Moneybox

Champion Losers

How France is using terrorism to excuse idiotic economic policies.

Who says France isn’t doing its part in the war on terror? After all, Prime Minister Jean-Pierre Raffarin just struck a mighty blow against al-Qaida. He has deployed the rhetorical and financial heft of the French government to support a hostile takeover bid in the pharmaceutical industry.

In January, French drug company Sanofi-Synthelabo made an unwelcome $59 billion takeover bid for Aventis, the French pharmaceutical firm based in Strasbourg. Aventis responded in part by holding discussions with Novartis, the Switzerland-based drug giant, about a friendly merger. Today, Novartis CEO Daniel Vassella told the Wall Street Journal he would be interested in pursuing such a deal, which would create the world’s second-largest drug company.

Enter Raffarin, alarmed at the prospect of a Swiss invasion. Last week, he said a Sanofi-Aventis merger would be crucial to the French “national interest.” He suggested that the nation’s ability to access vaccines in the case of a bioterror attack would be hindered were Aventis to fall into foreign hands—you know, the dangerous, shifty hands of the Swiss. Meanwhile, a unit of the bank CDC-Ixis, which is majority-owned by the French government, has agreed to help back Sanofi’s bid for Aventis.

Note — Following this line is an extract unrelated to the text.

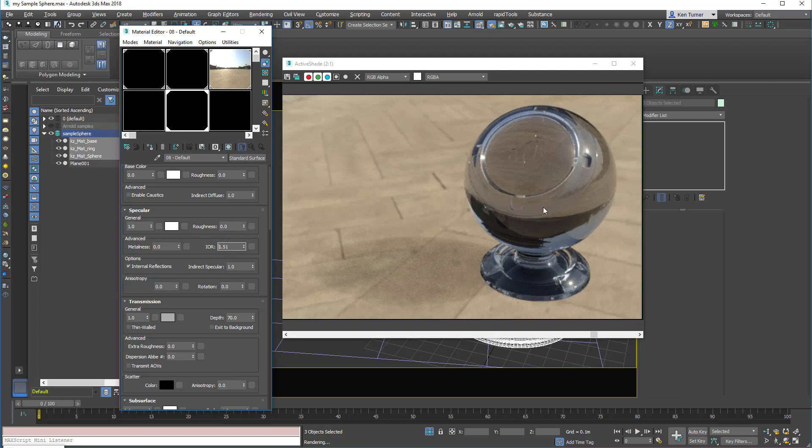So the actual IOR for glass does vary slightly depending on the material. Different glasses have different compositions. And in fact, if you have the double glazing, we have like some other gas in between like argon, then you'll get an even more different IOR effect. But generally, like something around 1.4 to 1.5 is good on average.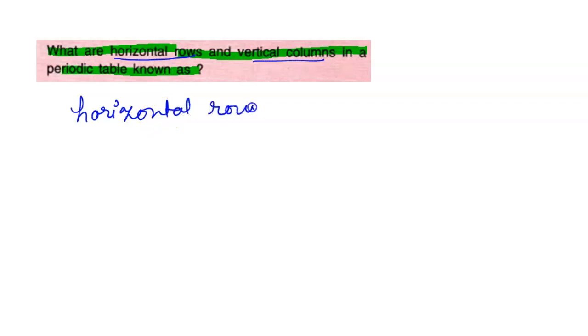In this question, we have to find what is the name of the horizontal rows and what is the name of the vertical columns in the periodic table. In the periodic table, the horizontal rows are known as periods.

Terror, of course, is a pretext. The French government is pushing an all-French deal for reasons of national pride. In January, Raffarin said, “It is very important in France, but also in Europe, to have the capacity to maintain several big national champions by sector.”

The notion of “national champions” has become a peculiar theme of the new European economy. In Germany, corporate grandees are trying to head off a potential acquisition of Deutsche Bank by a foreigner. Last week, senior executives of companies such as Deutsche Telekom, SAP, and Siemens told Chancellor Gerhard Schröder they still needed a “national champion,” as the Financial Times reported.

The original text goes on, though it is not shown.